Server setup instructions

  1. Define a Model:

    • Set up a machine learning model in a given framework (e.g. a torch.nn.Module).
    • Select the appropriate declearn.model.api.Model subclass to wrap it up.
    • Either instantiate the Model or provide a JSON-serialized configuration.
  2. Define a FLOptimConfig:

    • Select a declearn.aggregator.Aggregator (subclass) instance to define how clients' updates are to be aggregated into global-model updates on the server side.
    • Parameterize a declearn.optimizer.Optimizer (possibly using a selected pipeline of declearn.optimizer.modules.OptiModule plug-ins and/or a pipeline of declearn.optimizer.regularizers.Regularizer ones) to be used by clients to derive local step-wise updates from model gradients.
    • Similarly, parameterize an Optimizer to be used by the server to (optionally) refine the aggregated model updates before applying them.
    • Wrap these three objects into a declearn.main.config.FLOptimConfig, possibly using its from_config method to specify the former three components via configuration dicts rather than actual instances.
    • Alternatively, write up a TOML configuration file that specifies these components (note that 'aggregator' and 'server_opt' have default values and may therefore be left unspecified).
  3. Define a communication server endpoint:

    • Select a communication protocol (e.g. "grpc" or "websockets").
    • Select the host address and port to use.
    • Preferably provide paths to PEM files storing SSL-required information.
    • Wrap this into a config dict or use declearn.communication.build_server to instantiate a declearn.communication.api.NetworkServer to be used.
  4. Instantiate and run a FederatedServer:

    • Instantiate a declearn.main.FederatedServer:
      • Provide the Model, FLOptimConfig and Server objects or configurations.
      • Optionally provide a MetricSet object or its specs (i.e. a list of Metric instances, identifier names of (name, config) tuples), that defines metrics to be computed by clients on their validation data.
      • Optionally provide the path to a folder where to write output files (model checkpoints and global loss history).
    • Instantiate a declearn.main.config.FLRunConfig to specify the process:
      • Maximum number of training and evaluation rounds to run.
      • Registration parameters: exact or min/max number of clients to have and optional timeout delay spent waiting for said clients to join.
      • Training parameters: data-batching parameters and effort constraints (number of local epochs and/or steps to take, and optional timeout).
      • Evaluation parameters: data-batching parameters and effort constraints (optional maximum number of steps (<=1 epoch) and optional timeout).
      • Early-stopping parameters (optionally): patience, tolerance, etc. as to the global model loss's evolution throughout rounds.
      • Local Differential-Privacy parameters (optionally): (epsilon, delta) budget, type of accountant, clipping norm threshold, RNG parameters.
    • Alternatively, write up a TOML configuration file that specifies all of the former hyper-parameters.
    • Call the server's run method, passing it the former config object, the path to the TOML configuration file, or dictionaries of keyword arguments to be parsed into a FLRunConfig instance.

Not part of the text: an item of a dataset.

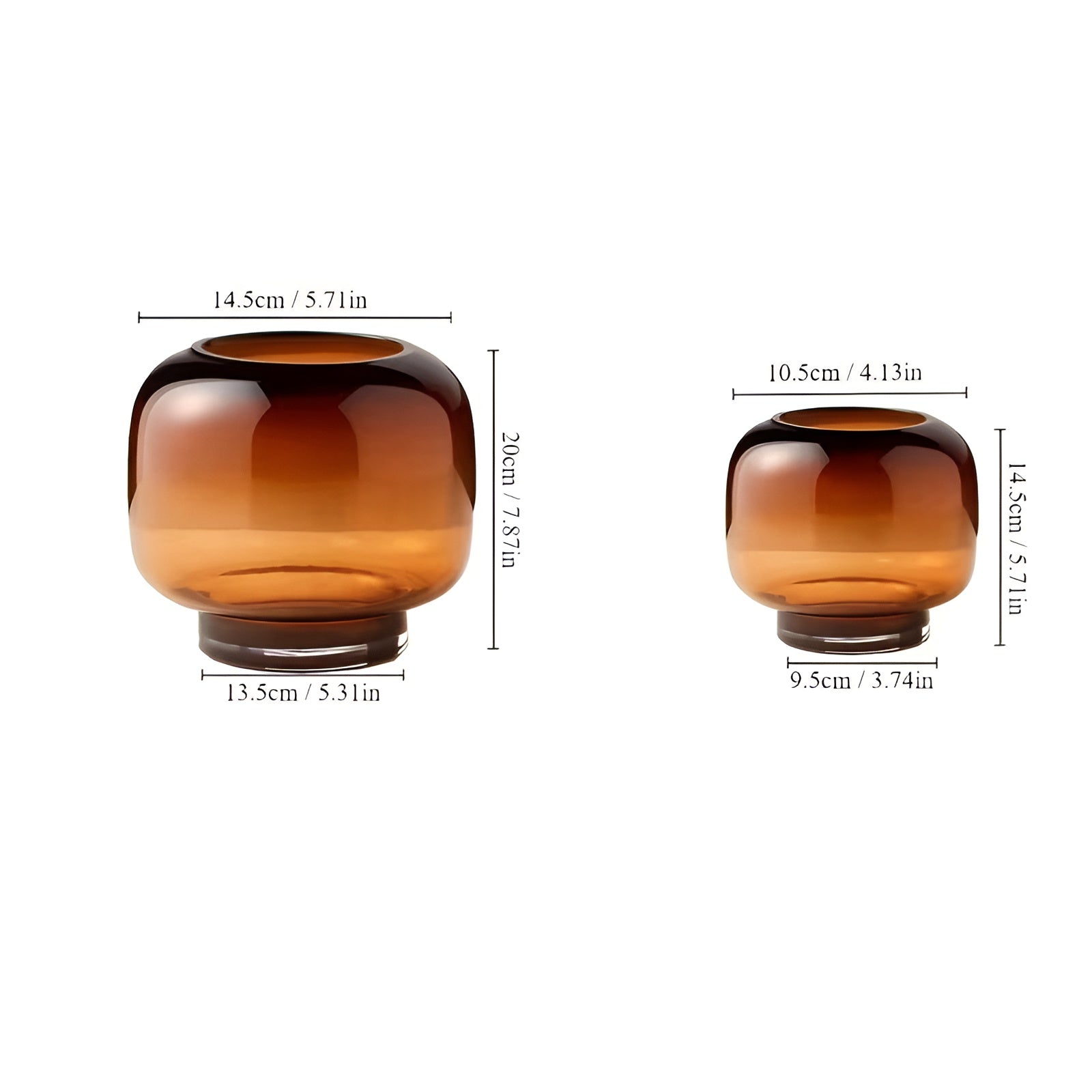 Håndblåst Glassvase – Minimalistisk Og Dekorativ | Gjennomsiktig Design For Blomster Hydroponikk Og Moderne Hjem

Clients setup instructions

  1. Interface training data:

    • Select and parameterize a declearn.dataset.Dataset subclass that will interface the local training dataset.
    • Ensure its get_data_specs method exposes the metadata that is to be shared with the server (and nothing else, to prevent data leak).
  2. Interface validation data (optional):

    • Optionally set up a second Dataset interfacing a validation dataset, used in evaluation rounds. Otherwise, those rounds will be run using the training dataset - which can be slow and/or lead to overfitting.
  3. Define a communication client endpoint:

    • Select the communication protocol used (e.g. "grpc" or "websockets").
    • Provide the server URI to connect to.
    • Preferable provide the path to a PEM file storing SSL-required information (matching those used on the Server side).
    • Wrap this into a config dict or use declearn.communication.build_client to instantiate a declearn.communication.api.NetworkClient to be used.
  4. Run any necessary import statement:

    • If optional or third-party dependencies are known to be required, import them (e.g. import declearn.model.torch).
  5. Instantiate a FederatedClient and run it:

    • Instantiate a declearn.main.FederatedClient:
      • Provide the NetworkClient and Dataset objects or configurations.
      • Optionally specify share_metrics=False to prevent sharing evaluation metrics (apart from the aggregated loss) with the server out of privacy concerns.
      • Optionally provide the path to a folder where to write output files (model checkpoints and local loss history).
    • Call the client's run method and let the magic happen.

Logging

Note that this section and the quickstart example both left apart the option to configure logging associated with the federated client and server, and/or the network communication handlers they make use of. One may simply set up custom logging.Logger instances and pass them as arguments to the class constructors to replace the default, console-only, loggers.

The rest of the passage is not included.